ATOLON + CHIP SHOP MUSIC – Public Private (Another Timbre, 2013)

Voici typiquement le genre de disque que j’ai envie d’acheter, tout en sachant pertinemment qu’il risque très certainement de me décevoir. C’est idiot, mais quand on voit que deux groupes se réunissent, on s’attend à ce qu’ils fassent quelque chose de deux fois mieux que chacun individuellement, une attente irréaliste qui fait que je suis souvent déçu par ce genre de projet – il suffirait pourtant de me dire qu’ils vont juste faire quelque chose d’autre, et pas de deux fois mieux. Bref, Atolon et Chip Shop Music sont deux formations que j’aime beaucoup et dont j’attendais énormément de leur réunion.
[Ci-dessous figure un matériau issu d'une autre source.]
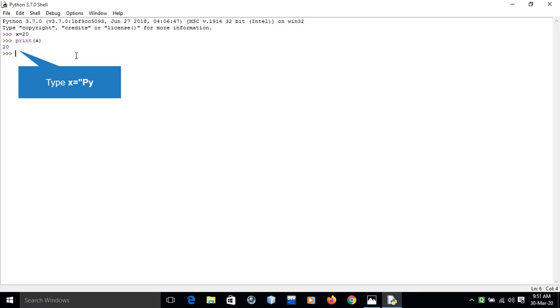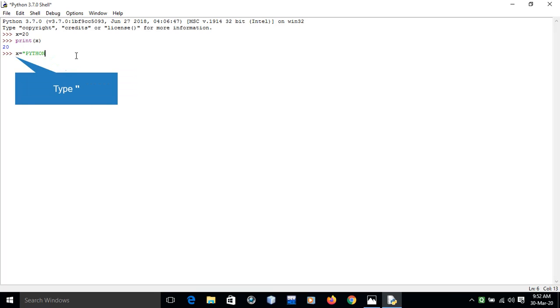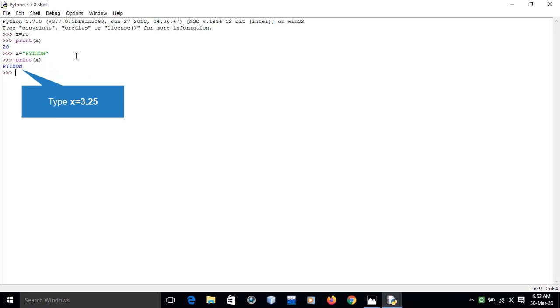If you assign different value to variable x, let's say string 'python', and print the value of variable x, it gives the output python.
Malgré une déception inévitable au début, une grande richesse et une grande beauté ont fini par se révéler.

Pour présenter rapidement les deux formations, il s'agit d'un trio espagnol et d'un quartet anglo-suédois. On retrouve dans le premier Ferran Fages (platine acoustique), Ruth Barberan (trompette et objets) et Alfredo Costa Monteiro (accordéon & objets). Dans la seconde, sont présents Erik Carlsson (percussion), Martin Küchen (saxophone & radio), Paul Vogel (clarinette & ordinateur) et David Lacey (percussion & électronique). Deux témoignages de leur collaboration enregistrées par le producteur Simon Reynell sont présentées sur ce disque, une première de 43 minutes en live et une deuxième sans public d'une durée de 21 minutes. Hormis la durée, je ne trouve pas de grande différence entre les deux pièces. Tous les instruments et outils utilisés, aussi différents soient-ils, tendent à se confondre en une nappe légère, continue, abstraite et minimaliste. C'est effectivement très virtuose et maîtrisé, les idées sont assumées et exploitées sur la longueur. Mais le tout manque parfois de consistance. Sauf à de rares moments, justement quand un instrumentiste se démarque, quand une phrase sort du brouillard sonore.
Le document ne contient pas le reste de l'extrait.